Last year I was contacted by Erin Guinup, a musician/teacher in the Seattle area who was preparing a lecture and paper on female musical theatre composers and wanted to include my work alongside the music of Kay SwiftMary Rodgers, and Jeanine Tesori.  In addition to showcasing some of my songs, she asked me to respond to the following quote by Rachel Crothers in 1912.

“Drama is drama…what difference does it make whether women or men are working on it?”

I thought about it for days.  Initially, I thought maybe I actually agreed with the statement.  If we’re talking about equality in the workplace, isn’t the goal to be gender-blind?  But no, we can’t be gender-blind when it comes to the creative arts.  Nor can we be colorblind or age blind or nationality blind. A person’s voice is a reflection of who he/she is, and we are not all the same.

Julia Jordan speaks about gender parity in theatre.

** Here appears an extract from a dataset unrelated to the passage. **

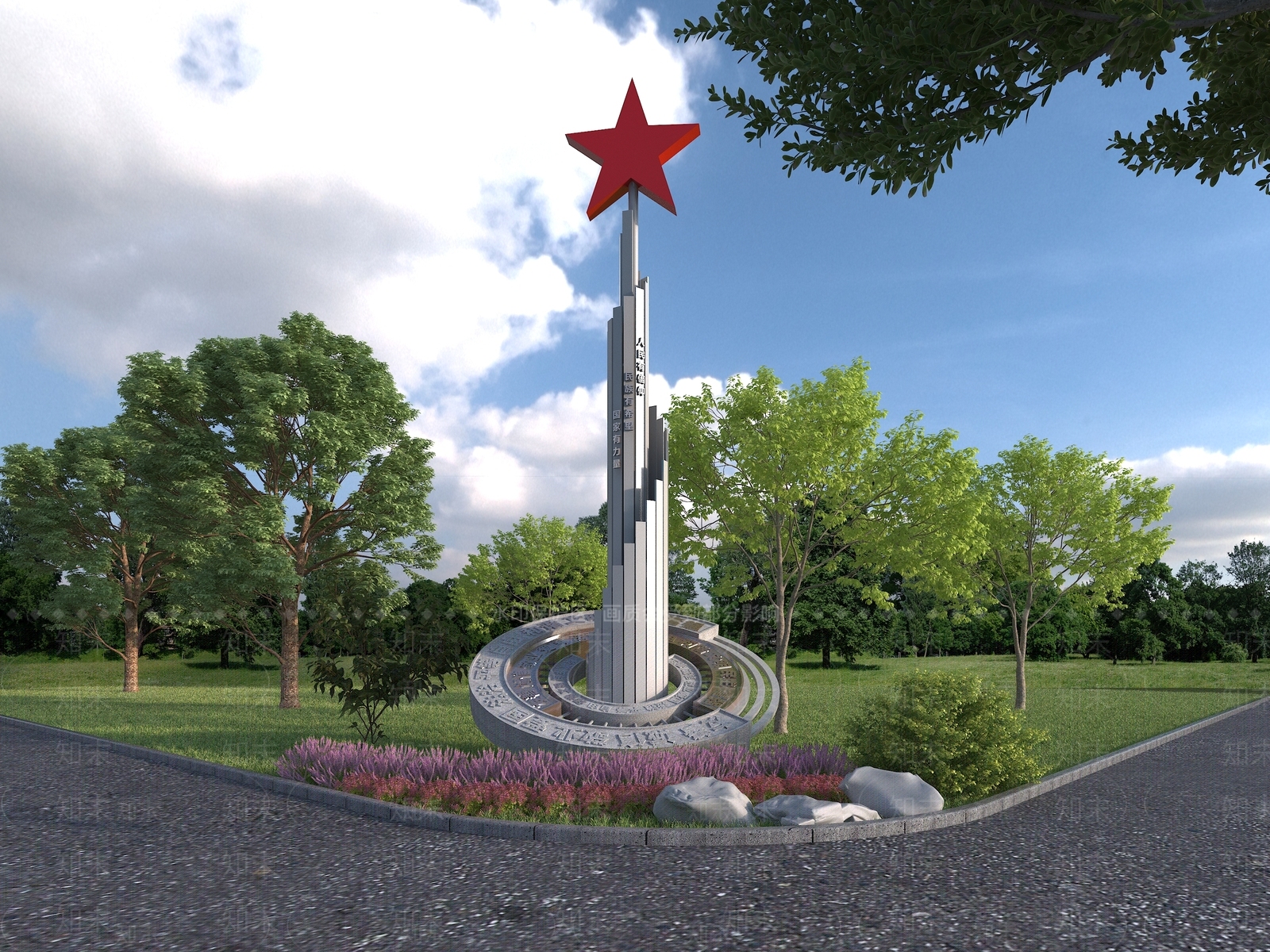 现代红色文化雕塑小品3D模型下载【ID:1156701409】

Julia Jordan speaks about gender parity in theatre. Visit the Dramatists Guild to hear the talk.

I was reminded of the work playwright Julia Jordan has been doing to bring light to what she calls a gender bias in the theater.  I reread the 2009 New York Times article about Julia’s research, identifying some of the surprising sources of gender bias and watched again her keynote speech from the 2011 Dramatists Guild conference (which I attended). I re-read Marsha Norman’s fiery essay “Not There Yet” and  was reminded how powerful we women writers are as a community, as a network.  Marsha’s words challenge me out of potentially depressing thoughts about my own place in the industry, the reception of my work, the success of my shows. She makes me want to write more and write better.

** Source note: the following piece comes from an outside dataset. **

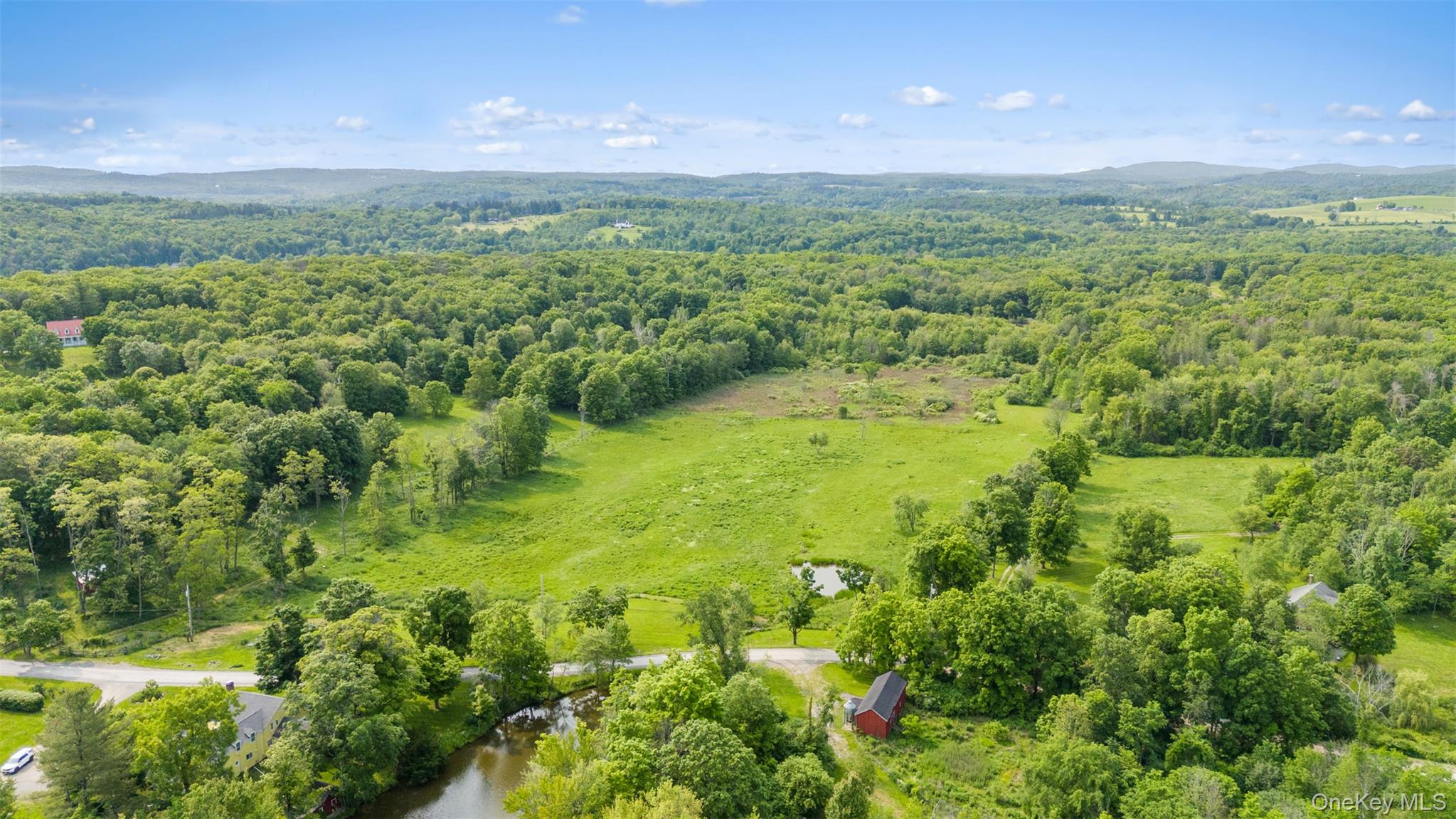 a view of a green field with lots of trees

Here is what I wrote to Erin.

The point is that women make up about half of the world’s population, and to have a culture of theater that does not represent the voices of those women is to overlook the stories that they alone can tell and the perspectives through which they see the world.  Saying “drama is drama” is like saying “people are people.”  We say it, but it doesn’t actually mean anything.  People are these completely individual, unique creatures who are defined by where we live, how we live, what we know and what we believe.  We look for similarities among people but we also revel in our differences.  Drama springs forth in unique ways from unique people.  It reflects the point of view of its author, and those authors come from vastly different places, cultures, religions, races and, yes, genders. Our stories are not the same because we are not the same; we are different, and our work is us.

That’s all very idealistic, though. The practicality of the situation is that even if the women are telling the stories, they are not being produced nearly as often. The New York Times in 2009 suggested that women are not writing as many plays as their male counterpoints. That’s probably true. We’re not conducting as many orchestras, either, or holding as many political offices because we’re catching up. My 90-year old grandmother told me that as a young woman in the 1930s she thought that she might like to be a Presbyterian minister, but she was told that that was not an appropriate job for a woman. My mother, twenty-five years later, told her father that she wanted to be a doctor.  He said, “You mean a nurse. Doctors are men.”  It was only my generation, the children of the 60s and 70s, that started to offer up female role models in greater supply.  Of course there have been female writers and composers since the beginning of time. It’s not that they didn’t exist. But you can’t argue that they were mainstream.

Finally, an anecdote. I had a student in a musical theater class at USC (where I taught in the 2012-2013 academic year). I gave her a song to learn and she was struggling with it.  She said, “I usually just play the prostitute or the girlfriend or the maid — unless I’m in the chorus, where I’m tap dancing in a bikini.”

If we want our daughters to have female role models, first we have to be them, and then we have to write them.